33 of 44 people found the following review helpful
5.0 out of 5 stars Game Changer,
This review is from: Paul and Jesus: How the Apostle Transformed Christianity (Hardcover)Paul and Jesus is a major, game-changing book. James Tabor is a meticulous historian who carefully and convincingly lays out the actual Jewish theology of earliest Christianity which lies shrouded in the New Testament. While it has been attempted before, this book persuasively shows with utmost lucidity how the innovative Hellenistic-Jewish teachings of Paul contrasted and ultimately collided with the more traditional Jewish teachings of the Nazarene movement led by Jesus' brother, James. Tabor's thorough yet succinct writing style brings a welcome new clarity to our understanding of the development of Christianity. While this book may disturb many Christians, Paul and Jesus lays down a challenge the church can no longer ignore, but must openly engage and ultimately accommodate if it wishes to proclaim an authentic gospel in the 21st century.
- The Rev. Jeffrey J. Bütz, S.T.M., adjunct professor of Religious Studies, Penn State University, author of The Brother of Jesus
48 of 66 people found the following review helpful
3.0 out of 5 stars THE APOSTLE PAUL IN A VACUUM,
This review is from: Paul and Jesus: How the Apostle Transformed Christianity (Hardcover)Author James Tabor does a masterful job of bringing to light the theology of the Apostle Paul. He gives us a greater understanding of Paul in a nutshell without having to read all of his epistles and brings up many interesting points. However, I was disappointed that he failed to adequately explain the motivating forces behind Paul's visionary experiences and would have us believe that Paul operated in a vacuum.

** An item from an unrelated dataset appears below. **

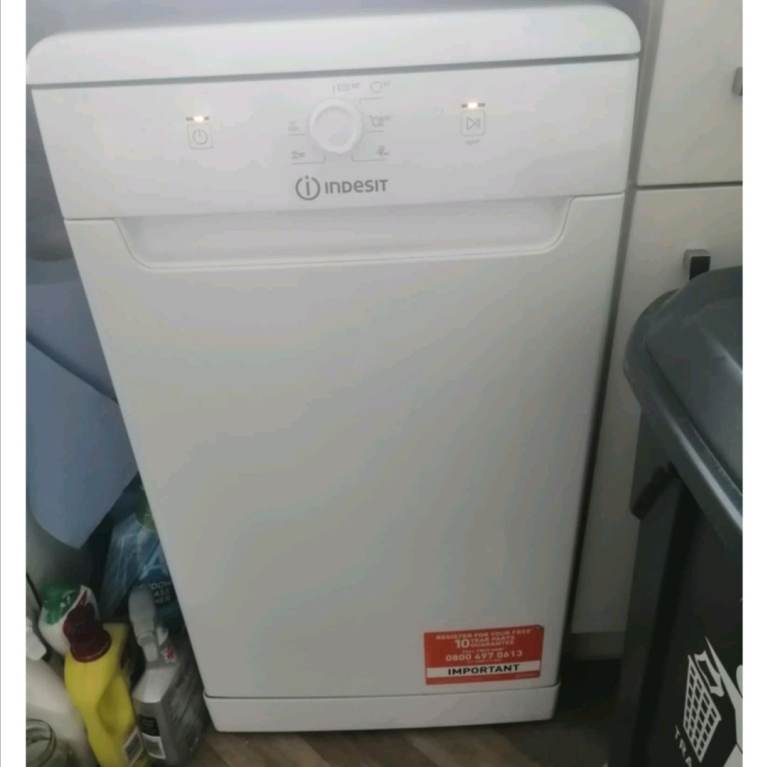 Diswasher indesit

This book suggests that Paul singlehandedly concocted his own version of the Christian faith which was out of sync with, and in some cases diametrically opposed to an earlier and supposedly hidden faith of Jesus and his earliest followers. Tabor hears the echo of Paul throughout most of the New Testament and claims that the gospels are essentially Pauline writings.
While I agree that the Book of Acts was written by someone who was part of Paul's circle and was more familiar with Paul than with James, I don't believe it deliberately marginalized James or distorted Paul's relationship with the Pillar Apostles or the mother church in Jerusalem.
Here are some points which I found interesting and worthwhile in this book:
One of the greatest insights is that Paul is the key to understanding the Jewish and Jewish Christian concept of resurrection which is neither a completely disembodied state espoused by Greek philosophy nor the resuscitation of a corpse. I would add that Paul's concept of resurrection is in harmony with Jesus own view of the resurrected state in (Matthew 22:30). To Paul, it was irrelevant wether Jesus' tomb was empty or wether he was buried some place.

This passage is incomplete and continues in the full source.